### Exercise requirements
In the listing below, find the line containing "VHXSIN 10 шт./лот" and the line containing "Apple Wrinkle 15", then copy exactly everything from the first through the second, except the pictures.

[[ Data for processing, beginning ]]

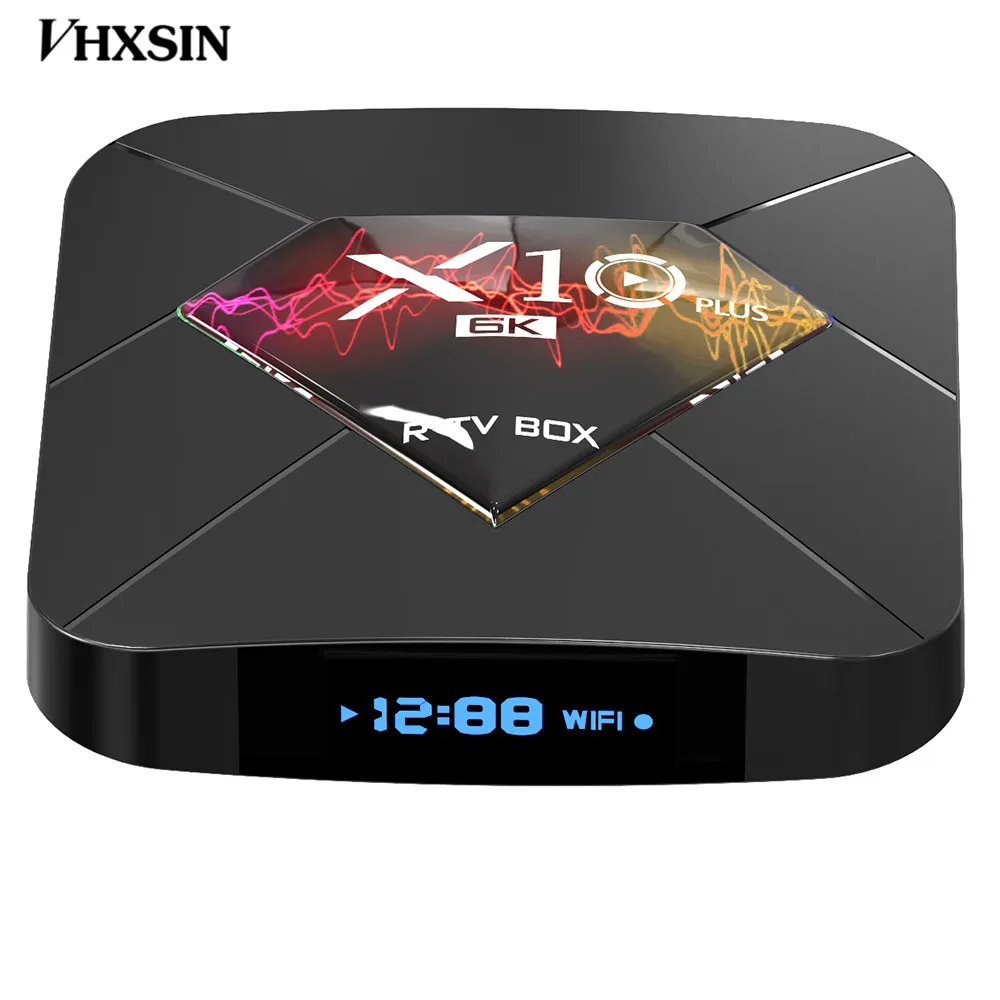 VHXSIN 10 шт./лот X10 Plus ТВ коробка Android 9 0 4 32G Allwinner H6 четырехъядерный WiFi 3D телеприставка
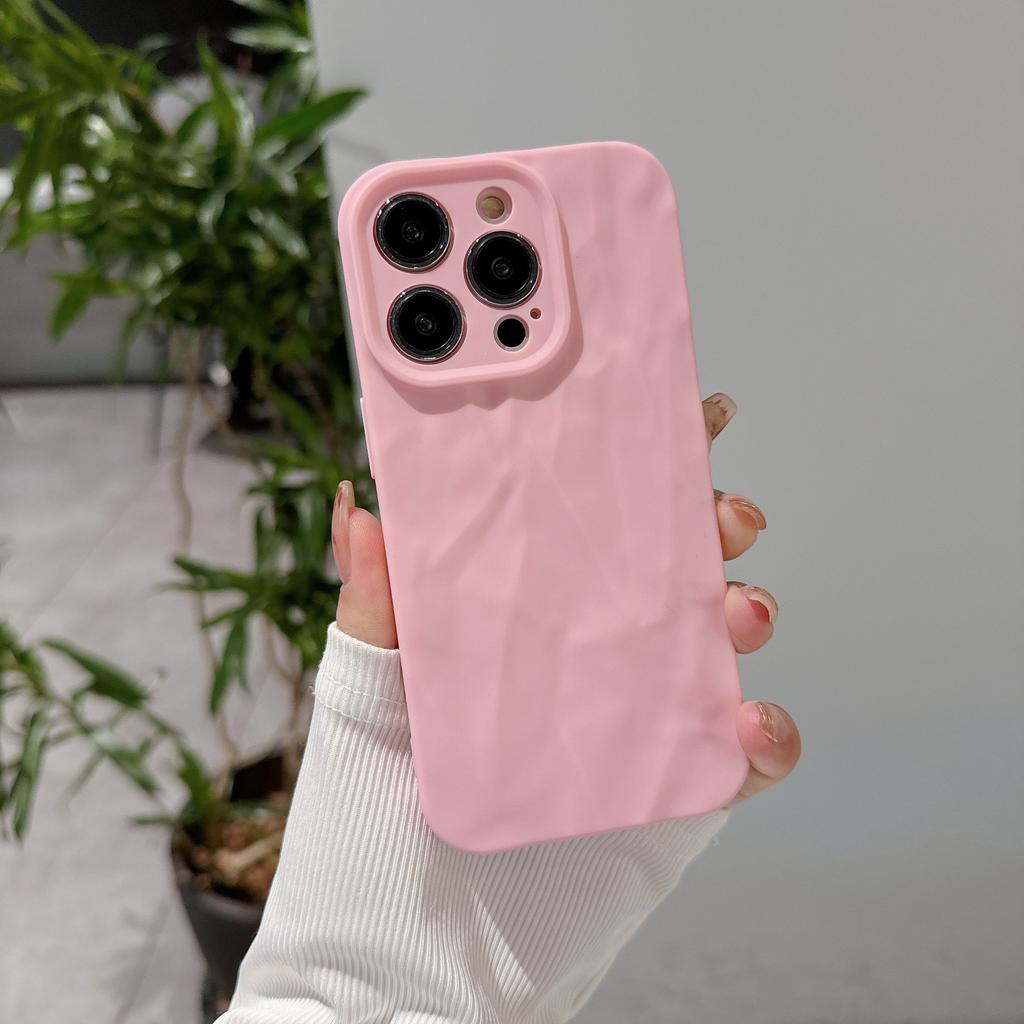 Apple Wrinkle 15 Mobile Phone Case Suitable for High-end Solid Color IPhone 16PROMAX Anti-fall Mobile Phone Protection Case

[[ Data for processing, end ]]
[[ Data for processing, beginning ]]

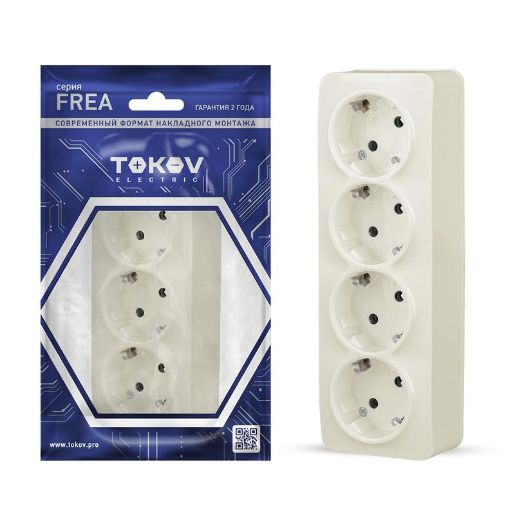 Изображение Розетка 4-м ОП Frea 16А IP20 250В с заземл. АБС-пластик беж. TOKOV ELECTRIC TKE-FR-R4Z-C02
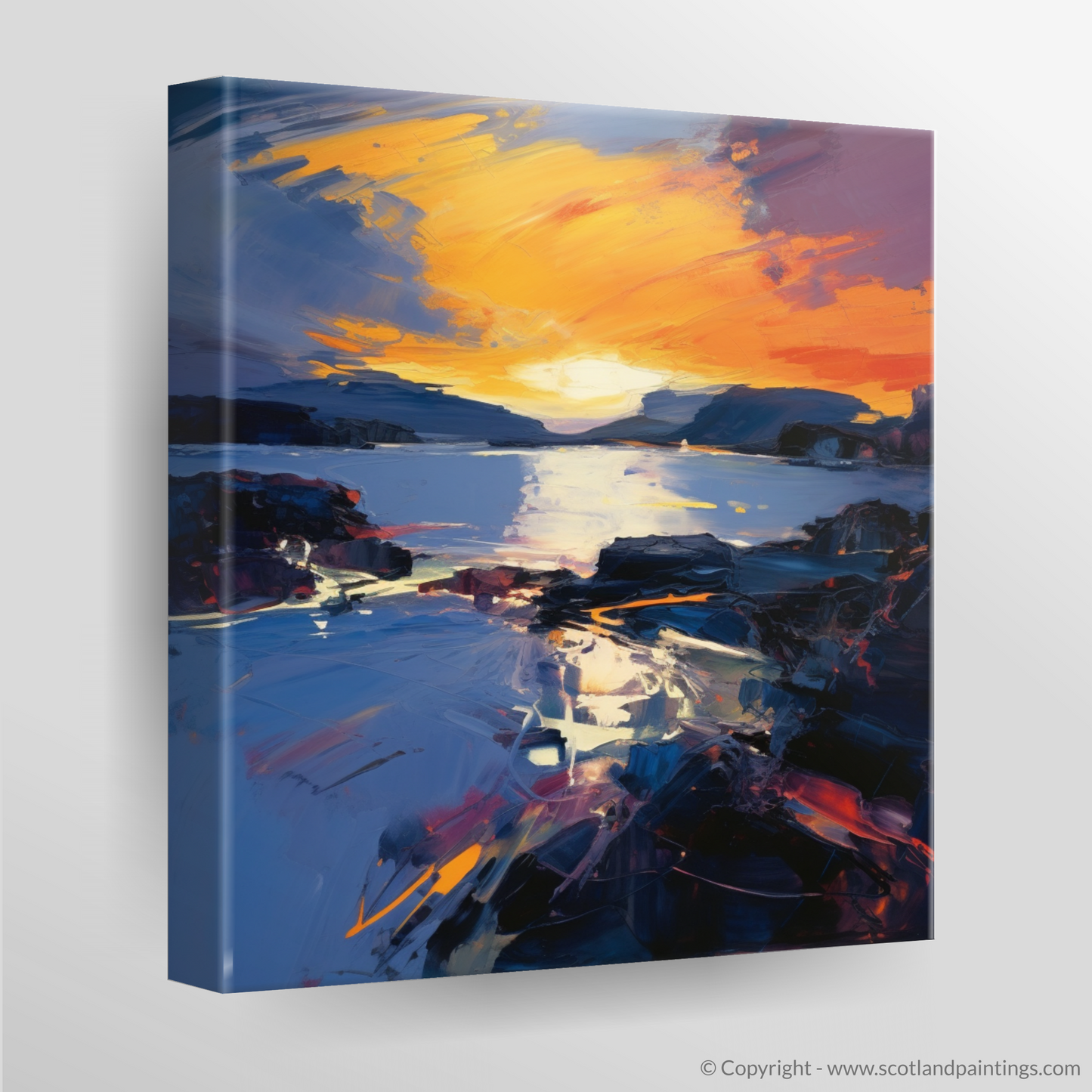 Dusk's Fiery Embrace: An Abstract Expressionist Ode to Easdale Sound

[[ Data for processing, end ]]

### Your solution
 VHXSIN 10 шт./лот X10 Plus ТВ коробка Android 9 0 4 32G Allwinner H6 четырехъядерный WiFi 3D телеприставка
 Apple Wrinkle 15 Mobile Phone Case Suitable for High-end Solid Color IPhone 16PROMAX Anti-fall Mobile Phone Protection Case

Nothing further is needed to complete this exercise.